Apple prototype from 1976 could sell for $500k

One of the first Apple computers ever built goes on the Christie’s auction block in New York next week — and it could sell for $500,000 (€380,000), or more.

Apple prototype from 1976 could sell for $500k

The Apple 1 from 1976 is a forerunner of today’s MacBooks, iPads and iPhones.

Ted Perry, a retired school psychologist from California who owns the old Apple, has kept it stashed away in a cardboard box. He says the green piece of plastic covered with memory chips is where the personal computer “revolution” started.

The board was produced by two college dropouts — the late Steve Jobs and Steve Wozniak. It first sold for $666.66.

The Apple 1 will be offered online from June 24 to July 9.

Another Apple 1 was sold last month for a record $671,400 by a German auction house.

“This is a piece of history that made a difference in the world, it’s where the computer revolution started,” said Perry.

The 11x14 green piece of plastic covered with a copper-coloured labyrinth of memory chips was one of the first 25 such computer elements.

About 200 were made but most have disappeared or been discarded. Various estimates put the number known to still exist from about 30 to 50. They came with eight kilobytes of memory — a million times less than the average computer today.

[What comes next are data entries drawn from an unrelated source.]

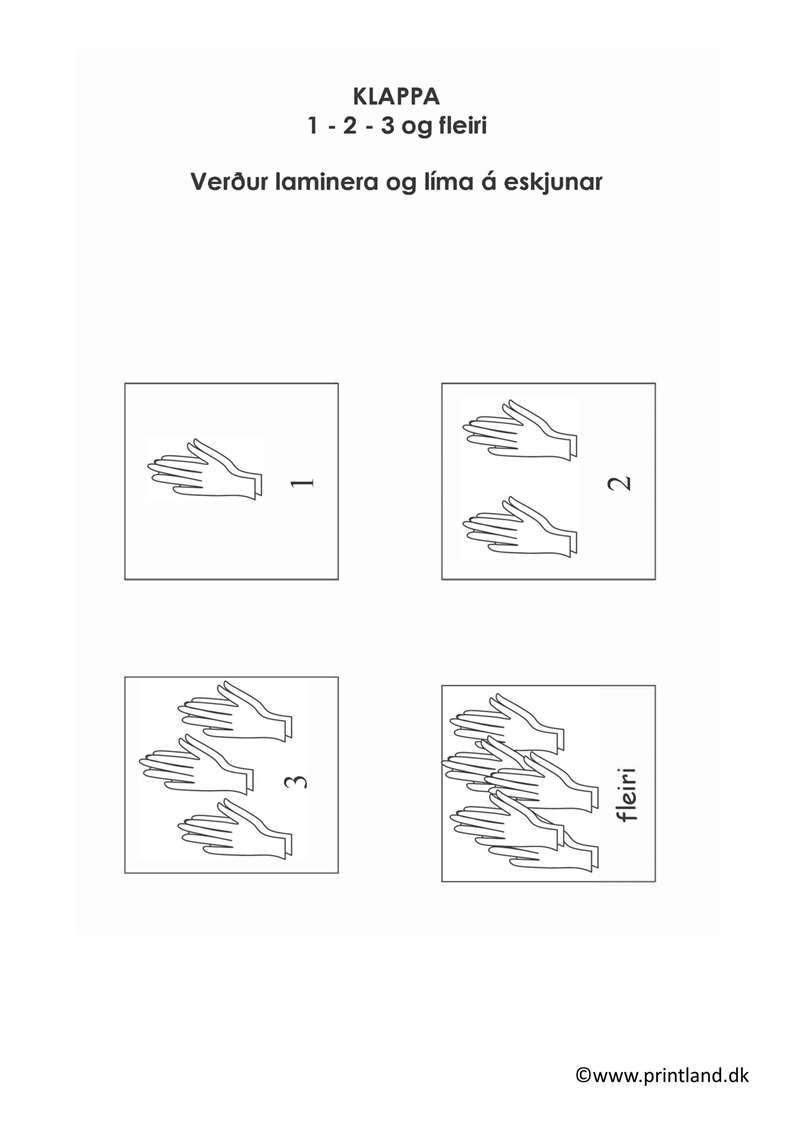 a16. færøsk klap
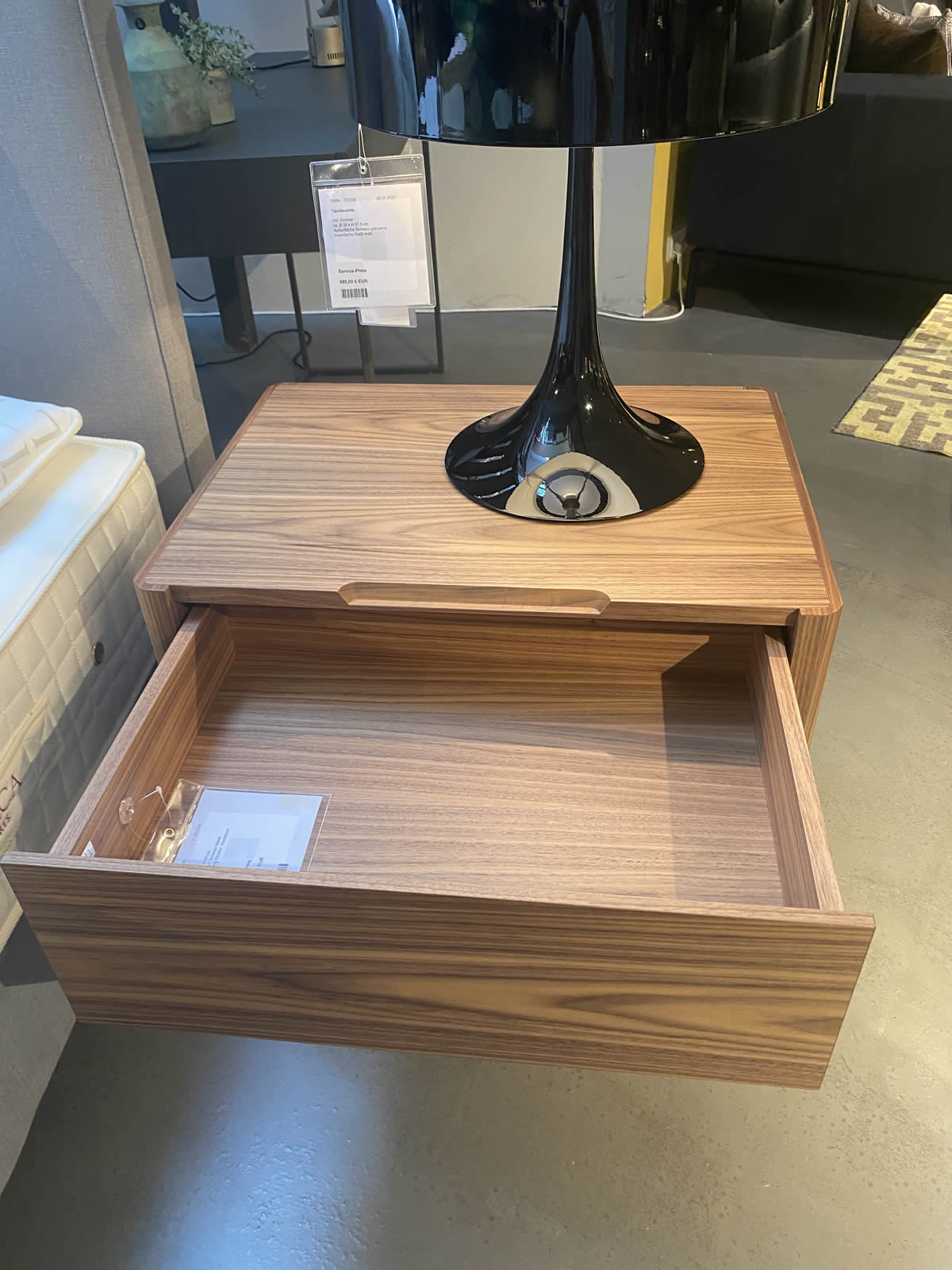 Nachttisch Set Nara 18243 Ausstellungsstück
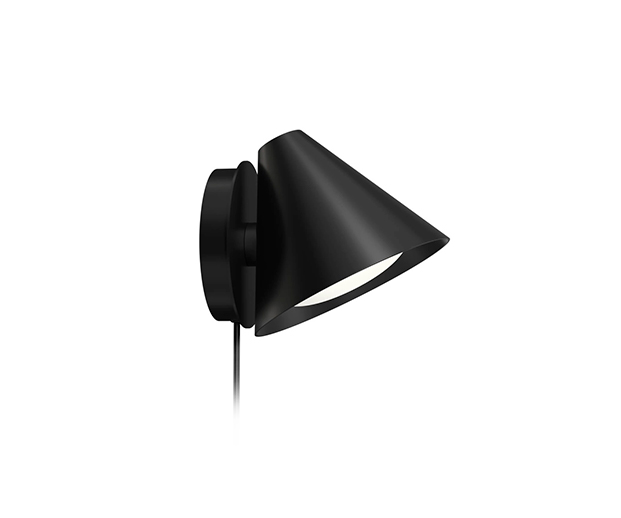 (Louis Poulsen 2025) - Keglen Aplique - (Black) - 5743150063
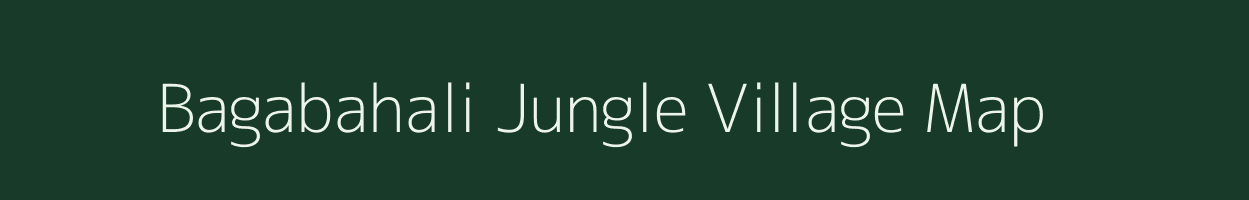 Bagabahali Jungle village map in Odisha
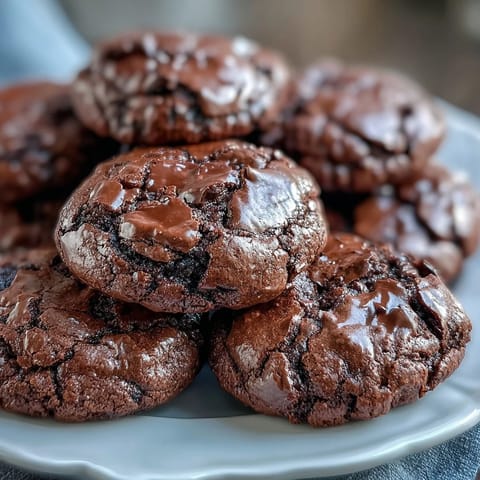 Brownie Mix Cookies Fudgy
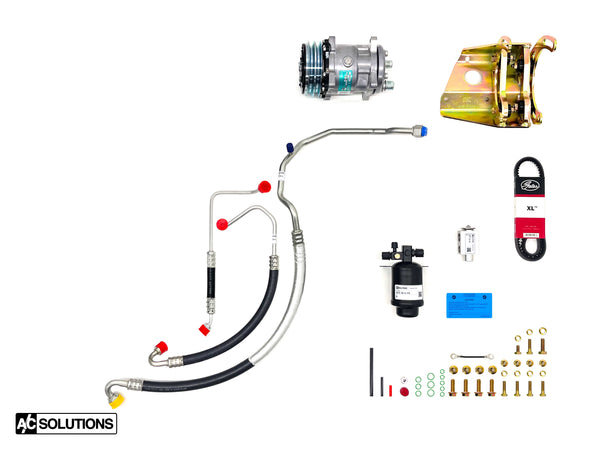 A/C Solutions BMW E30 Complete Conversion Kit - ModMyEuro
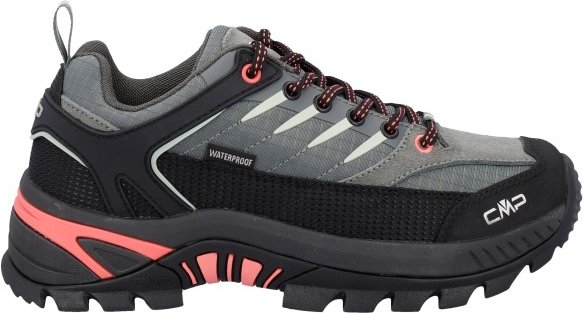 CMP - Women's Rigel 2.0 Low Trekking Shoes WP - Multisportschuhe Gr 36 schwarz/grau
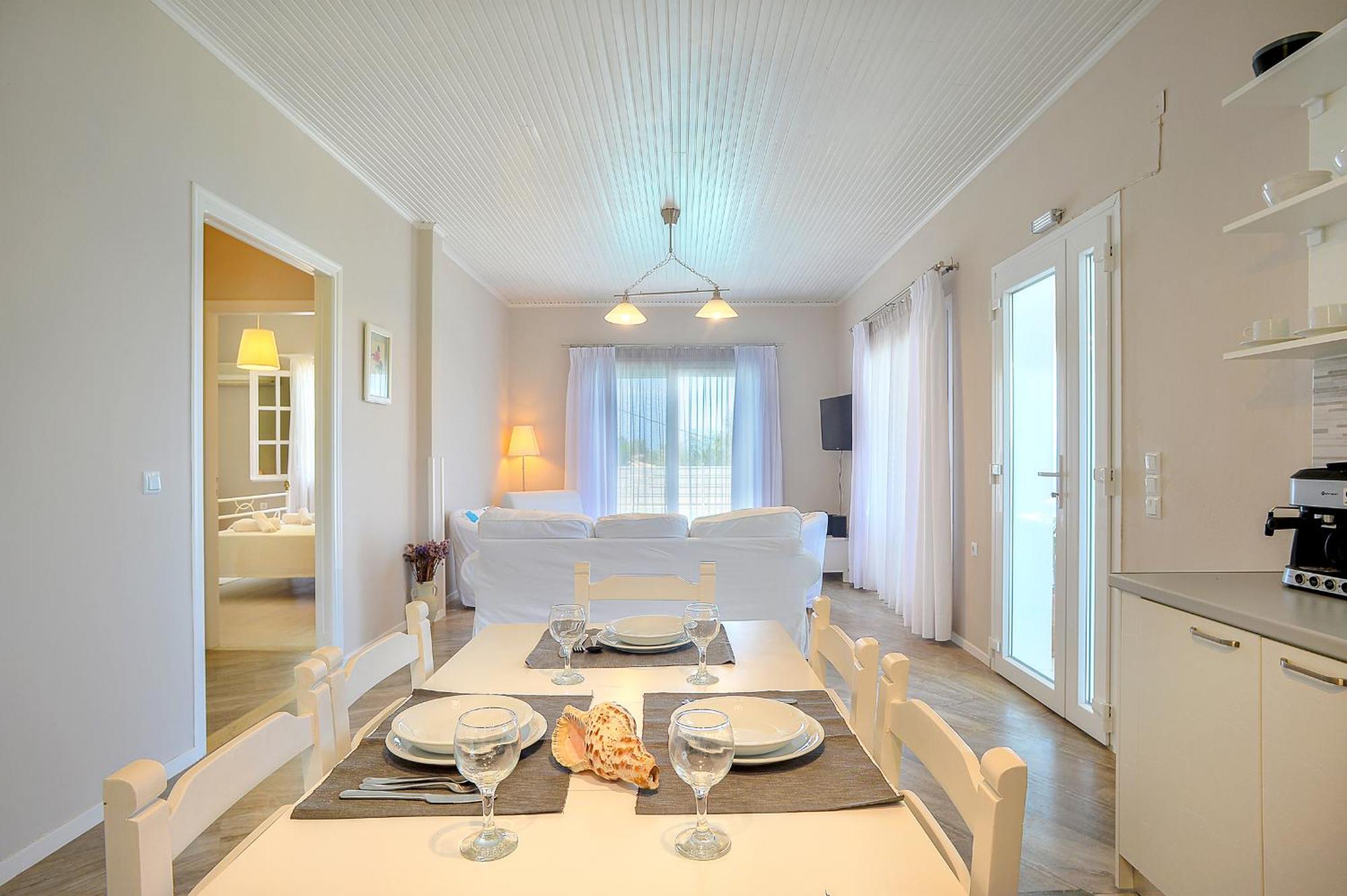 Lioniskari Seaviews - Paxoi'S Private Pool Oasis Villa Porto Ozias Екстериор снимка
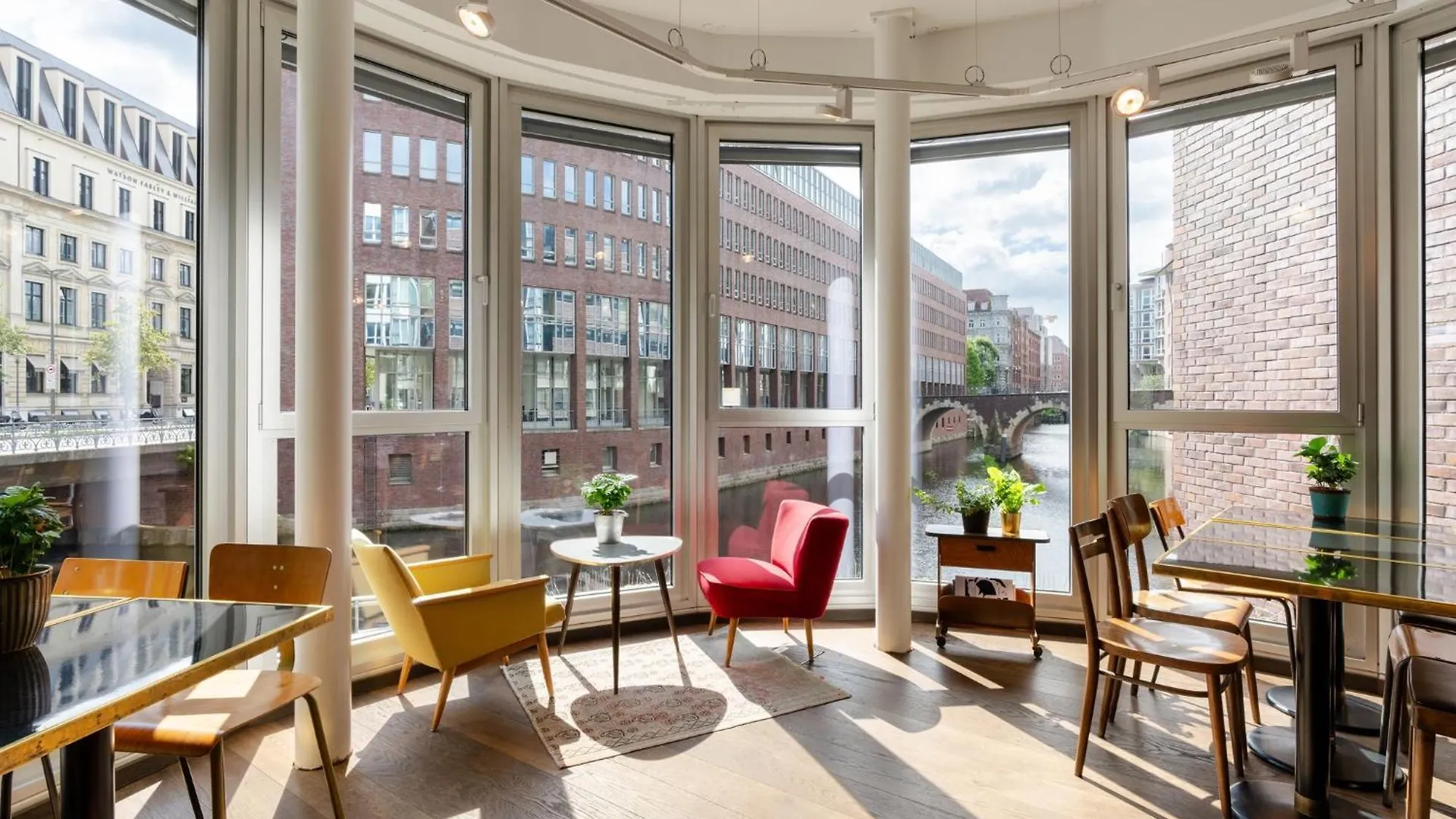 Ruby Lotti Hotel Hamburg 4*,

Vintage Apple products have become an especially hot item since Jobs’s death in October 2011, surrounding the mystique attached to this entrepreneur who joined forces with Wozniak to build computer prototypes in a California garage.

“This is the seed from which the entire orchard grew, and without this, there would be no Apple,” said Stephen A Edwards, professor of computer science at Columbia University. “I’ve been shocked auction prices got into the six digits. The market has just gone crazy.”

Perry, 70, acquired his Apple 1 in either 1979 or 1980, as a second-hand item he saw advertised.

He paid nothing for it; it was a swap with the owner.

At the time, he was working as a psychologist in a school in Carmichael, a town near Sacramento. While observing special needs children, he noticed that a teletype machine “made a huge difference” in how a deaf boy using it responded and learned.